As Marlow's boat is eight miles away from the inner station, he encounters a white fog. He describes the fog as "more blinding than the night," and he describes it descending around the ship as tightly as a shutter. It blocks out the land that surrounds the boat, and when Marlow and his crew hear people on the banks making loud noises, the crew fears that they will be slaughtered in the fog.
The white fog represents Marlow's blindness and the blindness of the other white Europeans who have come to the Congo in search of ivory. Just as the white fog obscures the banks, the whites who have come to Africa don't really understand the land or its people. Instead, they, like Marlow's boat, are stranded in the middle of the river, surrounded by fog, with a gulf of understanding between them and the local people.
The word fog occurs nine times in Conrad’s Heart of Darkness. All of the usages except for one occur in close proximity in section two of the novel. The color of the fog is unexpected because Marlow says that the fog is white. The reader, of course, knows the color of fog, but because the novel is so dark, the reader expects the fog to be black or grey, perhaps the color of dark smoke. That said, the fog is so thick that it causes darkness. Here is the point that Conrad is making; even things that are white on the serpentine river in the Congo cause darkness. There is no better way to show this point than to quote the text:
When the sun rose there was a white fog, very warm and clammy, and more blinding than the night.
This fog also causes alarm and fear because the passengers on the steamboat can sense a possible attack. They are sitting ducks.
I went forward, and ordered the chain to be hauled in short, so as to be ready to trip the anchor and move the steamboat at once if necessary. "Will they attack?" whispered an awed voice. "We will be all butchered in this fog," murmured another.
Hence, the fog, too, adds to the darkness of the novel. One might even say that everything and everyone is dark on the river, even something naturally white like fog.

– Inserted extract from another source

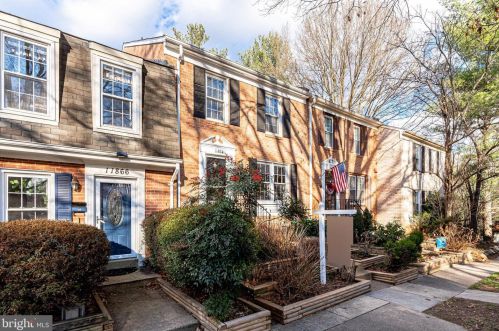 11864 Dunlop Ct, Herndon, VA 20191-2710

The fog that Marlow's steamboat gets caught in is white. But the white fog in this case is not the opposite of darkness; it simply compounds darkness. Fog not only obscures but distorts: it gives one just enough information to begin making decisions but no way to judge the accuracy of that information, which often ends up being wrong. Marlow's steamer is caught in the fog, meaning that he has no idea where he's going and no idea whether peril or open water lies ahead. He and the pilgrims he is carrying are frightened they will be attacked in the fog. One man states,‘We will all be butchered in this fog". Thus the confusion and darkness of the river is intensified by the fog.